[Extracted records]
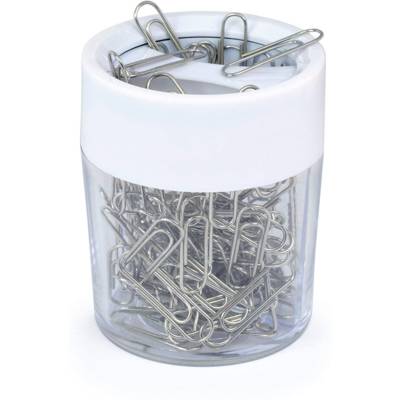 Distributeur de trombones avec aimant, blanc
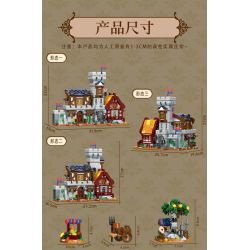 XMORK 20207 Medieval Castle Town Xếp hình lắp ráp ghép mô hình Chế độ xem phố 3 trong 1 của Thị trấn Lâu đài thời Trung cổ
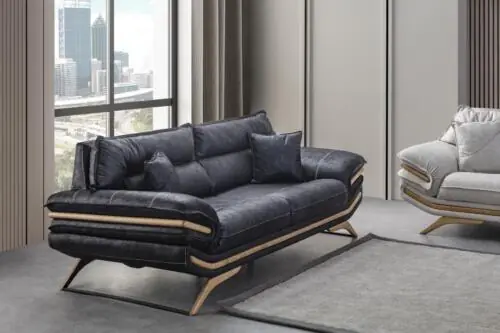 Sonderangebot Stilvoll 3-Sitzer Sofa Exklusive Schwarz farbe Luxus Möbel in Wohnzimmer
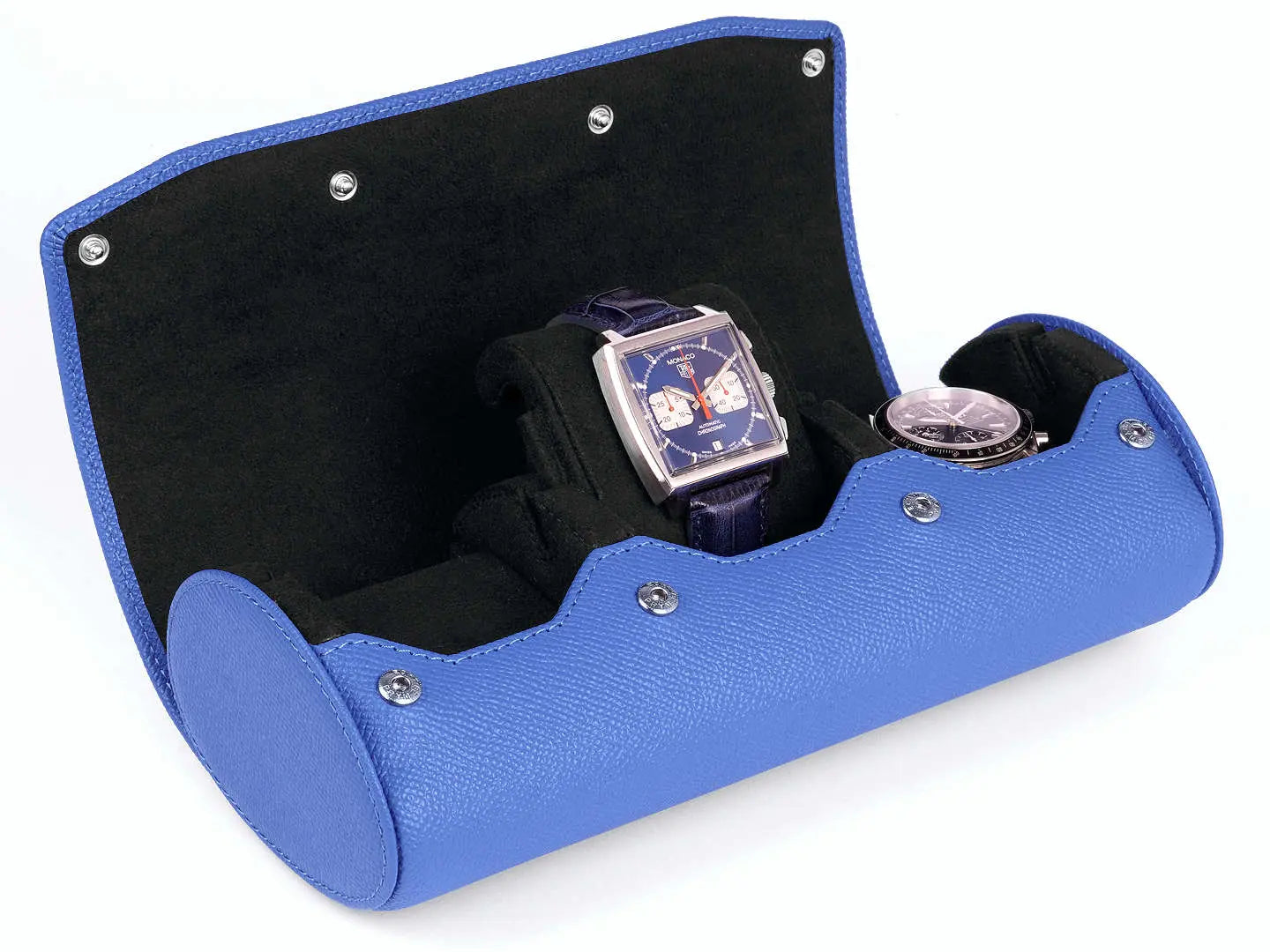 3-Slot Leather Watch Roll for Travel and Storage - BLUE EPSOM / BLACK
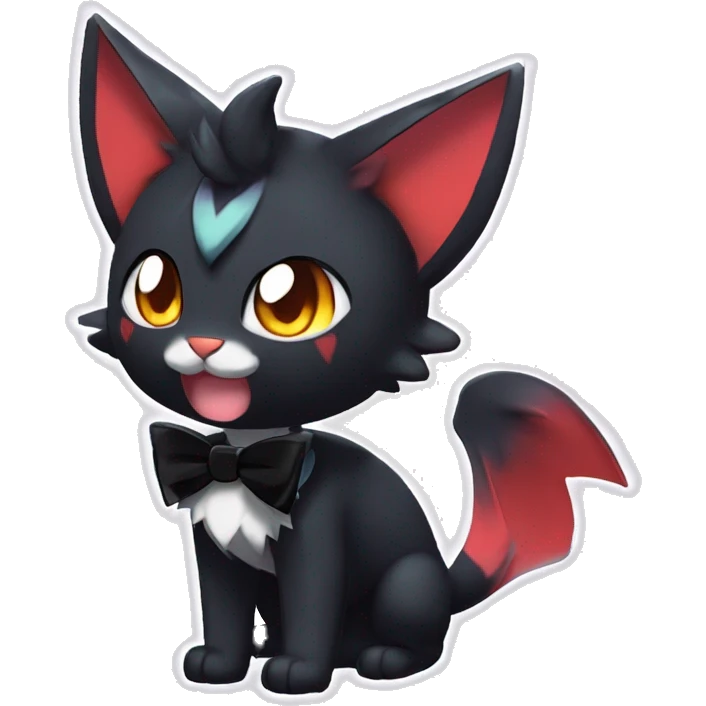Shiny Dark Cool Shy Edgy Black beautiful ethereal fantasy Kawaii Sona Litten-Fakemon-cat-animal with edgy bat-ears bow tie black emo-mane vtuber model Full Body emoji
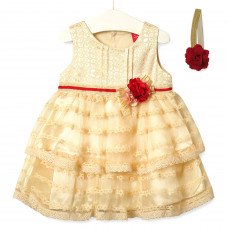 Dress for a girl Floral note, beige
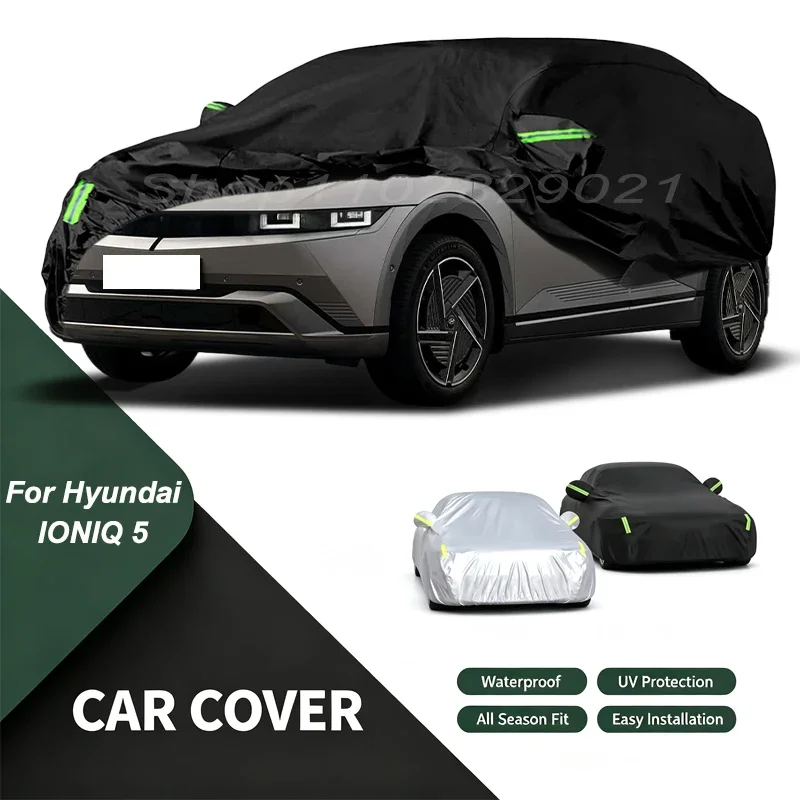 Car Cover For Hyundai IONIQ 5 Waterproof Dustproof Outdoor Protection, UV Snow Sun Resistant Auto Exterior Cover Car Sunshade
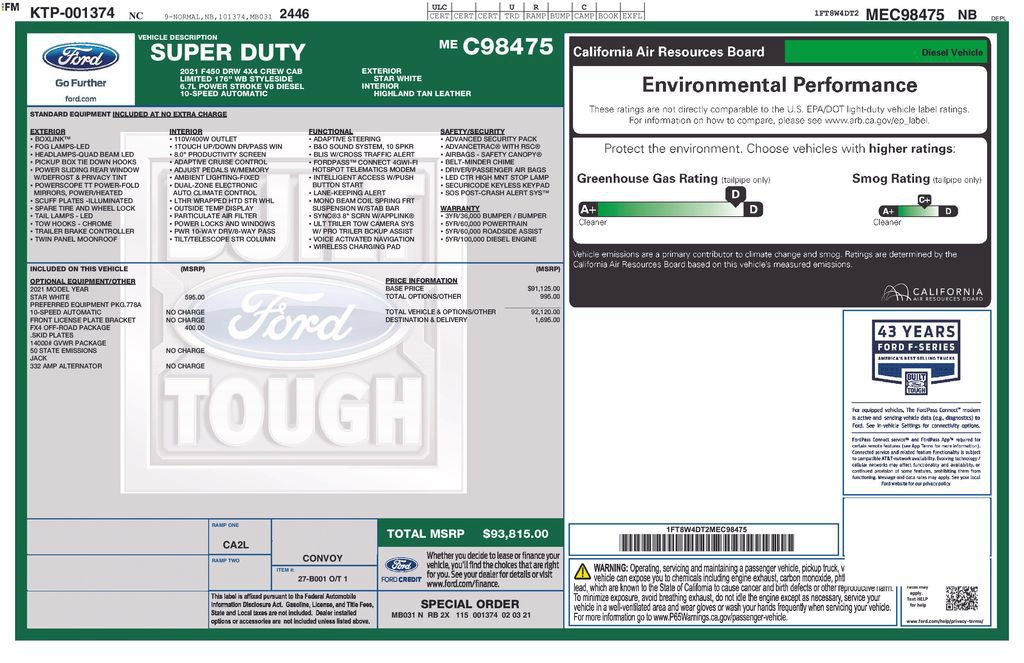 Used 2021 Ford F450 Limited w/ FX4 Off-Road Package AWD/4WD image 7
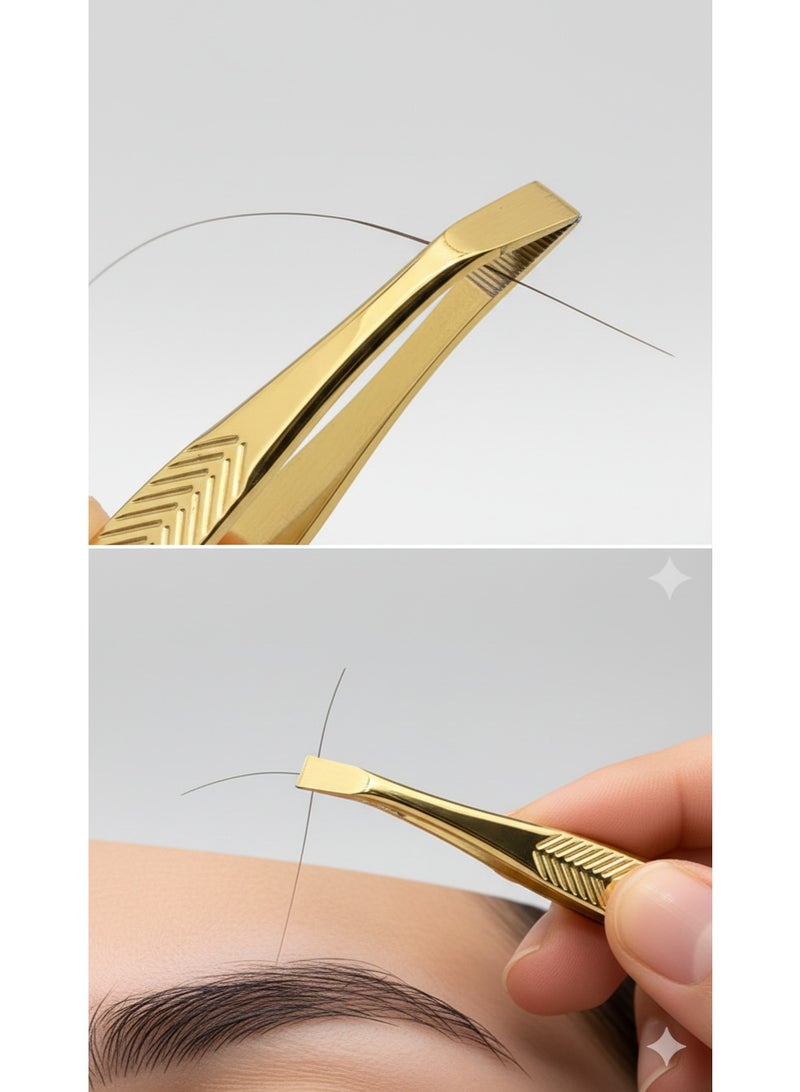 ملقط حواجب وتجميل احترافي مطلي باللون الذهبي الفاخر، رأس مستقيم عالي الدقة لإزالة الشعيرات من الجذور، مصنوع من الفولاذ المقاوم للصدأ، قبضة مانعة للانزلاق بنقش شيفرون، أداة دقيقة لتشكيل الحواجب وتركيب الرموش وإزالة الشعر الرفيع والسميك للنساء ومحترفي التجميل - Image 3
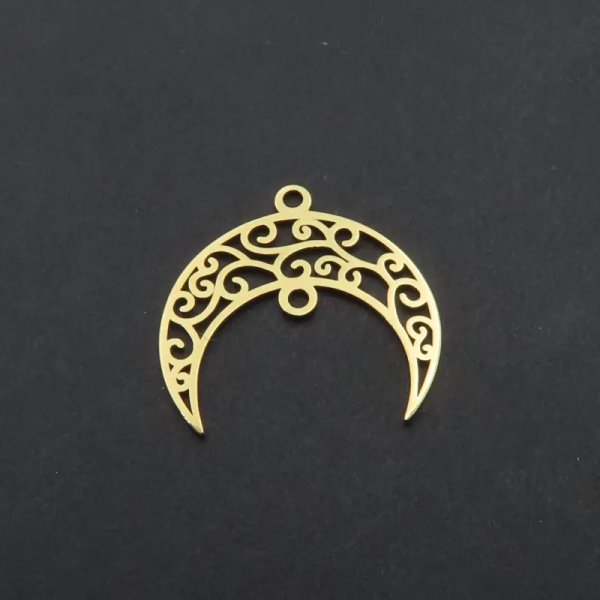 Srebro Ag Złocone - zawieszka księżyc ażurowy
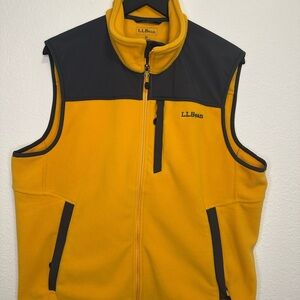 L.L. Bean Women’s Gray and Yellow Fleece Vest - Size Medium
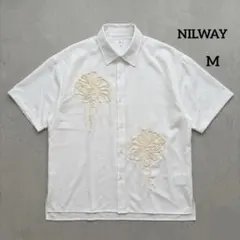 NILWAY コード刺繍 ビッグフラワー ルーズ 半袖 シャツ ホワイト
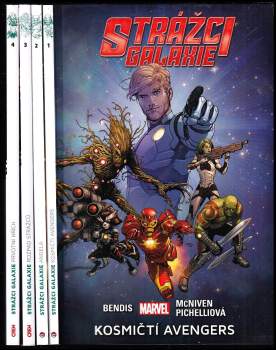 Strážci galaxie KOMPLET : Díl 1-4 Kosmičtí Avengers + Angela + Rozpad Strážců + Prvotní hřích - Brian Michael Bendis, Brian Michael Bendis, Brian Michael Bendis, Brian Michael Bendis, Brian Michael Bendis (2017, Crew) - ID: 769303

What to work on
A word-for-word reproduction is needed of the lines above from the line containing "Dress for a girl Floral note, beige" through the line containing "Used 2021 Ford", with both ends kept and no pictures.

Solution to the problem
 Dress for a girl Floral note, beige
 Car Cover For Hyundai IONIQ 5 Waterproof Dustproof Outdoor Protection, UV Snow Sun Resistant Auto Exterior Cover Car Sunshade
 Used 2021 Ford F450 Limited w/ FX4 Off-Road Package AWD/4WD image 7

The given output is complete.